Credo che Michael Jackson in HIStory, abbia indicato questo cambiamento tra musica scritta e registrata con queste due date nella parte iniziale della canzone e la traccia illustra questo musicalmente abbastanza bene. Esso comprende brani dal repertorio di musica classica e musica strumentale, ma ci sono anche alcune tecniche magiche di studio. Inclusi, anche due momenti molto importanti nella storia della registrazione verso la fine della traccia (6:10). Il primo di questi è una sezione storica della prima registrazione pubblicitaria che sia mai stata fatta, risalente al 1906:
I am the Edison phonograph, created by the great wizard of the New World to delight those who would have melody or be amused.
(Io sono il fonografo di Edison, creato dal grande mago del Nuovo Mondo per rendere felici coloro che hanno una melodia o abbiano voglia di divertirsi.)
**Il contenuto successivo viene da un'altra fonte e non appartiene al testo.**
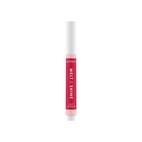Catrice Melt & Shine Juicy Lip Balm 070 1.3g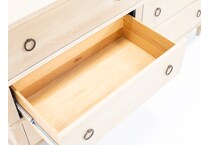 universal furniture international brown double   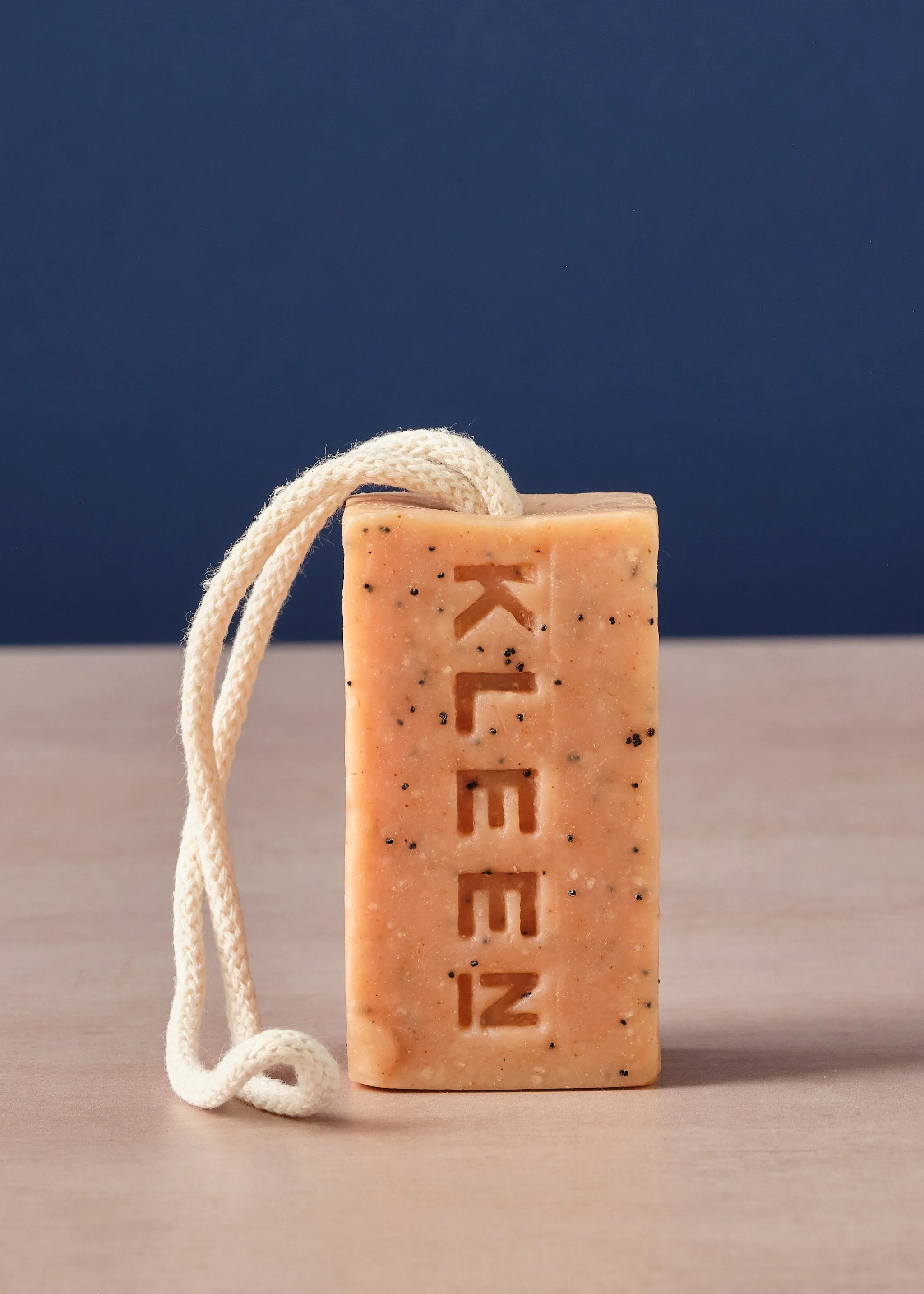 Kleen Soap Footloose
Stratificato a questa c’è una seconda clip dello stesso Thomas Edison, il verso di una filastrocca (Mary had a little lamb) utilizzato  per il primo test di registrazione nella storia.
Mary had a little lamb
It’s fleece was white as snow
And everywhere that Mary went
The lamb was sure to go
(Mary aveva un agnellino
dal pelo bianco come la neve
E ovunque Mary andava
l’agnellino sicuramente la seguiva)
Che ci crediate o no, Edison ha effettuato la sua prima registrazione nel 1877, solo 50 anni dopo la morte di Beethoven.
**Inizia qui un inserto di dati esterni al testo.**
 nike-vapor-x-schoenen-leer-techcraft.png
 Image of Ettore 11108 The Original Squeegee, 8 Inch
Willa: Incredibile! Una cosa inimmaginabile. È strano come a volte la nostra percezione sul passare del tempo sia più rapido della realtà. Ad esempio, mi sono resa conto che, l’”invasion” dei Beatles in America di 50 anni fa, in realtà è più vicino alla prima Guerra mondiale, di quanto lo sia oggi per noi. Mi ha sorpreso.
Lisha: È davvero disorientante! In qualche modo ho sempre pensato a intervalli temporali maggiori tra questi eventi.
Willa: Oh lo so, e credo che il suo fonografo ed Edison abbiano molto a che fare con esso. Nel senso, io credo che, filmati e registrazioni audio influenzino la nostra percezione storica comprimendo il tempo. Possiamo “vedere” e vivere in prima persona la performance dei Beatles a Ed Sullivan, come se fosse un evento dei giorni nostri. Beethoven ha vissuto prima dell’invenzione della tecnica di registrazione, quindi la nostra esperienza è diversa – non possiamo sentire la sua reale voce, o vedere i suoi movimenti. In questo senso percepiamo l’evento, “preistorico”, perché è accaduto prima che la storia fosse documentata con registrazioni audio e video.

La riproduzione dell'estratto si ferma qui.